Yakov lanzó un gruñido.

—¿He de fiarme de un antiguo antisemita?

—Acepte mi palabra —dijo rápidamente Ostrovsky—. Es un abogado brillante, y su conversión fue sincera. La próxima vez que venga a verle, haré que me acompañe. Créame, él sabrá enfrentarse a esa gentuza.

Consultó su reloj, lo metió en el bolsillo del chaleco, corrió a la puerta y la abrió. Un guardia armado de fusil estaba detrás de ella. Sin mostrar la menor sorpresa, el abogado cerró la puerta y volvió junto al preso.

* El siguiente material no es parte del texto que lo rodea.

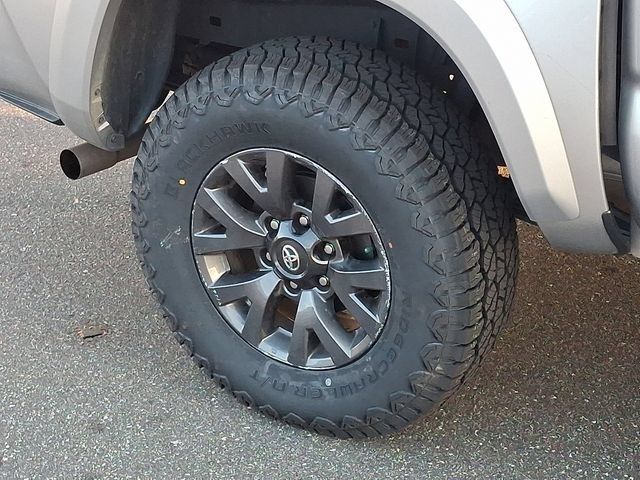 Used 2023 Toyota Tacoma SR5 w/ Technology Package AWD/4WD image 28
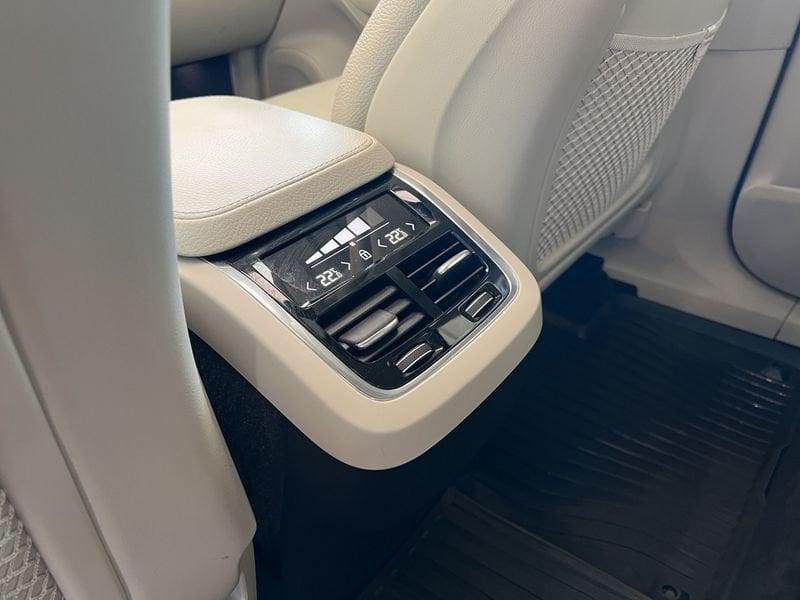 Volvo XC90 B5 (d) AWD Geartronic 7 posti Inscription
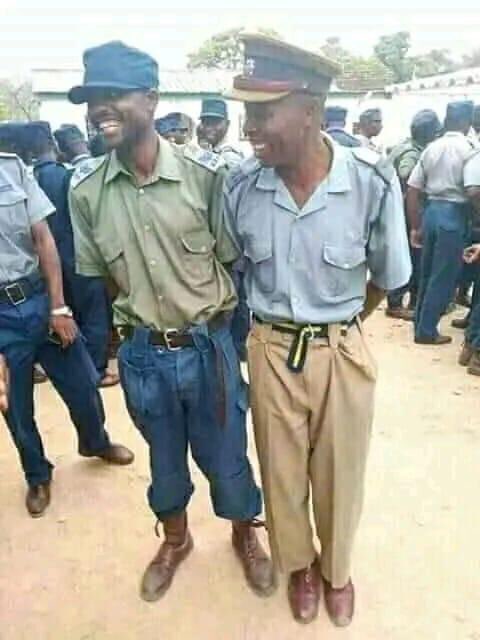 SLmore08's tweet photo. #Botso remains my favorite songs and @PoliceZimbabwe stop being used by @ZANUPF_Official imwi muchitambura 😢 #WinkyD𓃵 #Ibotso https://t.co/oULDcwLRNX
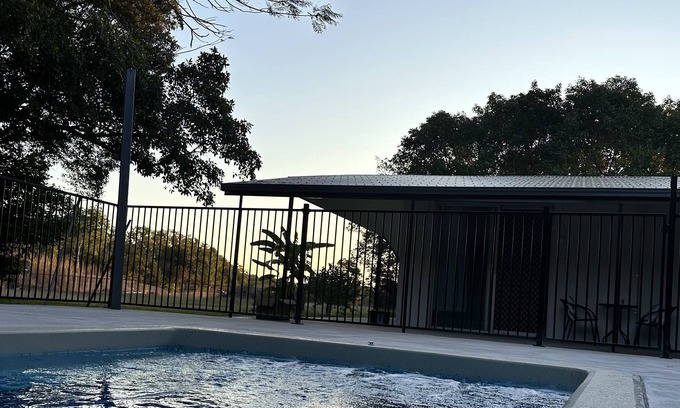 Virginia Cabaña | Renovated Rural Cottage With Private Pool & Fire Pit, Only Minutes to Shops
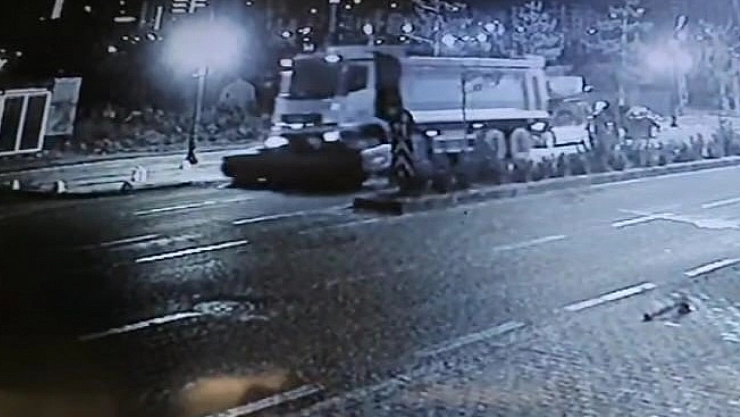 Kontrolden çıkan kamyon araçları biçti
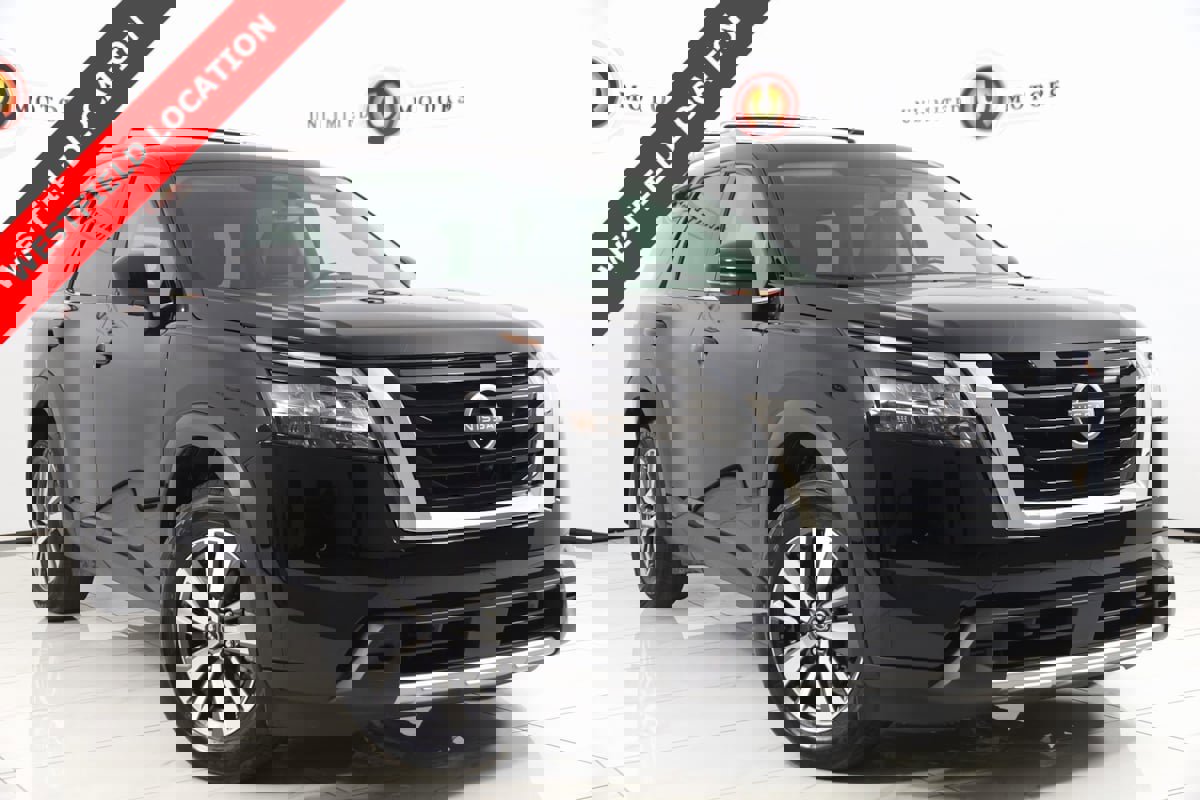 Used 2023 Nissan Pathfinder SL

—Le diré lo que pienso —dijo, en ruso—. Se lo diré aunque me pese y lo lamente de corazón, señor Bok. Ha sufrido usted mucho y no quisiera aumentar sus pesares, pero la acusación está furiosa y esto me hace temer por su vida. Naturalmente, si usted muriese, la acusación no demostrada sería menos perjudicial para el Gobierno que un veredicto contrario, por mucho que se sospechara de éste y que se le acusara de su muerte. Creo que entiende lo que quiero decir. Por consiguiente, sólo añadiré que debe tener cuidado. No se deje provocar. Recuérdelo bien: tranquilidad, paciencia. Todavía le quedan algunos amigos.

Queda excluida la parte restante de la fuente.